MSM reported a net loss in 1Q19, falling short of our and the street’s expectations. Sales declined 12% yoy on the back of lower average selling prices (ASPs), as the supply glut of sugar remains unabated. Earnings were further dragged down by losses arising from the group’s newly set-up Johor plant. Intensified competition on both the local and export fronts continues to weigh on MSM’s prospects, while the local sugar tax imposition poses an additional downside risk. After slashing our earnings estimates, we roll forward our valuation base and arrive at a lower revised TP of RM1.10. Maintain SELL.
MSM slipped into the red in 1Q19, reporting a net loss of RM7.1m (vs net profit of RM15.8m in 1Q18), which was below our and consensus estimates. While volume growth was flattish (+0.9% yoy), we understand that competitive pressures drove ASPs down (-11.8% yoy) amid persistent oversupply in the market, while domestic sales were further plagued by an additional 80-120k/MT of imported sugar from temporary approved permits (AP) issued at end-2018. The LBT of RM19m recorded from its new export-focused Johor refinery – which only went into commercial production in 2Q19 – further weighed upon the group’s profitability.
We expect margins to remain under pressure in the coming quarters, hampered by intensified competition in both local and foreign markets, alongside the weakening Ringgit.
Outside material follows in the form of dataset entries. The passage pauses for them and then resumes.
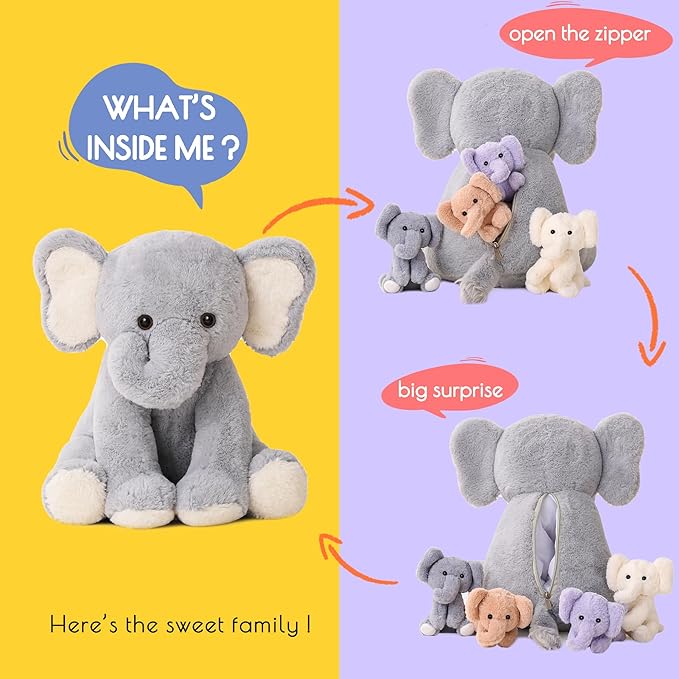 5 Pieces Elephant Stuffed Animals for Girls, 1 Mommy Elephant with 4 Babies Soft Plush Set Toys Gifts for Kids Children 3 4 5 6 7 8 9 Years, Christmas, Birthday, Children's Day-PurrikoPets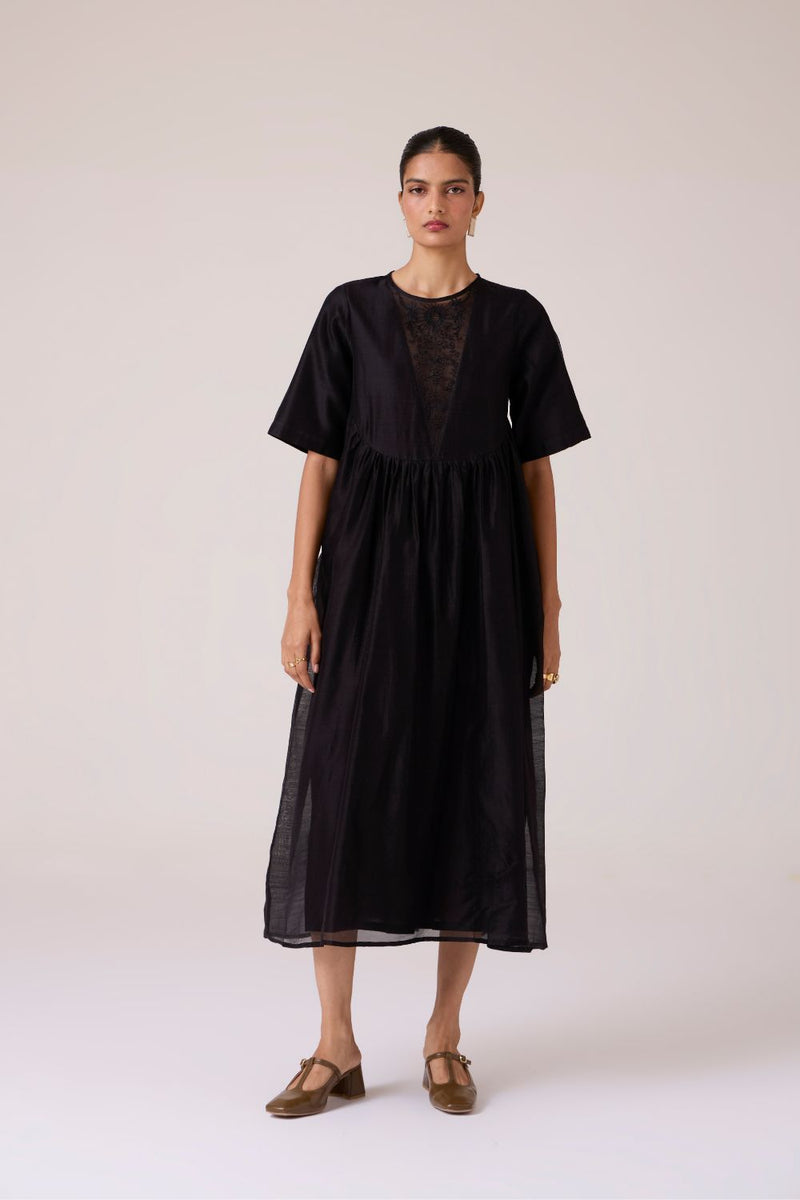Callisto Black Handwoven Dress chanderi by The Summer House in black color for women in Singapore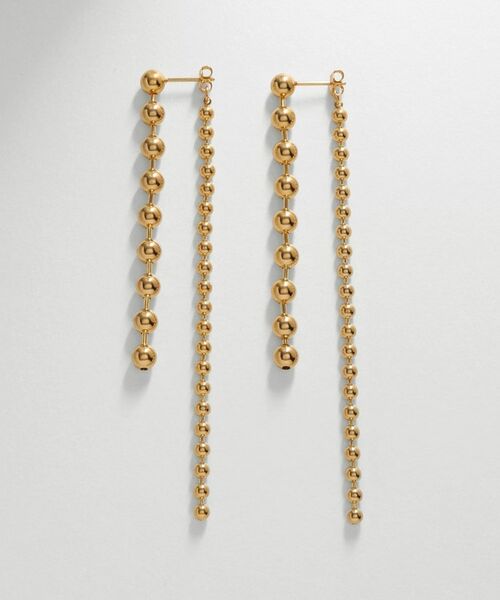 COCOSHNIK ONKITSCH / ココシュニックオンキッチュ ピアス・イヤリング | シルバー チェーンピアス ボール フロントバック GP | 詳細3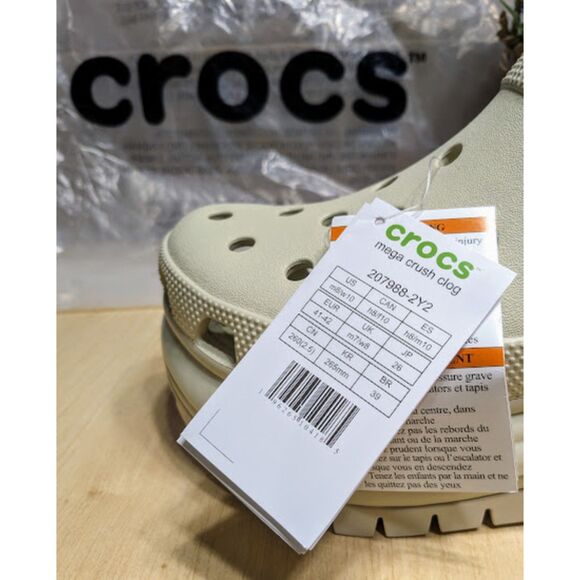 CROCS Mega Crush Platform Clogs Women's Size 10 NWT in Bone color - Picture 11 of 13
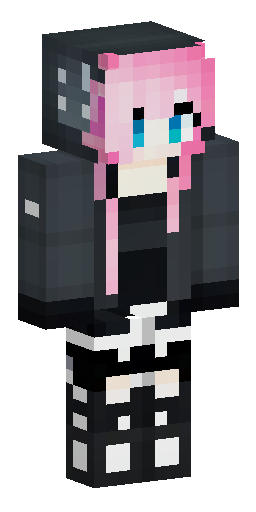 Anime girl, short messy pink hair, big eyes. Open black hooded jack… Скин Майнкрафт: Anime girl, short messy pink hair, big eyes. Open black hooded jack…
For 2019, management has guided that c.84% of raw sugar requirements have been locked in at 13cts/lb, while only half of forex exposure was covered (at US$/RM4.12). The local sugar tax imposition in July further poses a risk to domestic industrial volume sales, which fell 7.4% yoy in 1Q19. In our view, MSM’s turnaround prospects hinge upon a recovery in selling prices and exports from a normalisation of the global sugar supply. That being said, earnings visibility appears dim in the near future.
After incorporating our assumptions for a slower ASP and volume pick-up, we now foresee 2019E to be a loss-making year for MSM. We roll forward our valuation horizon and therefore arrive at a lower TP of RM1.10 based on a 0.4x forward P/BV (2.5sd below 2-year historical average; from 0.8x and 2.0sd). Consequently, we maintain our SELL recommendation on the stock. Upside risks: i) favourable ASPs, ii) stronger-than-expected sugar demand, and iii) abating competition in the export market.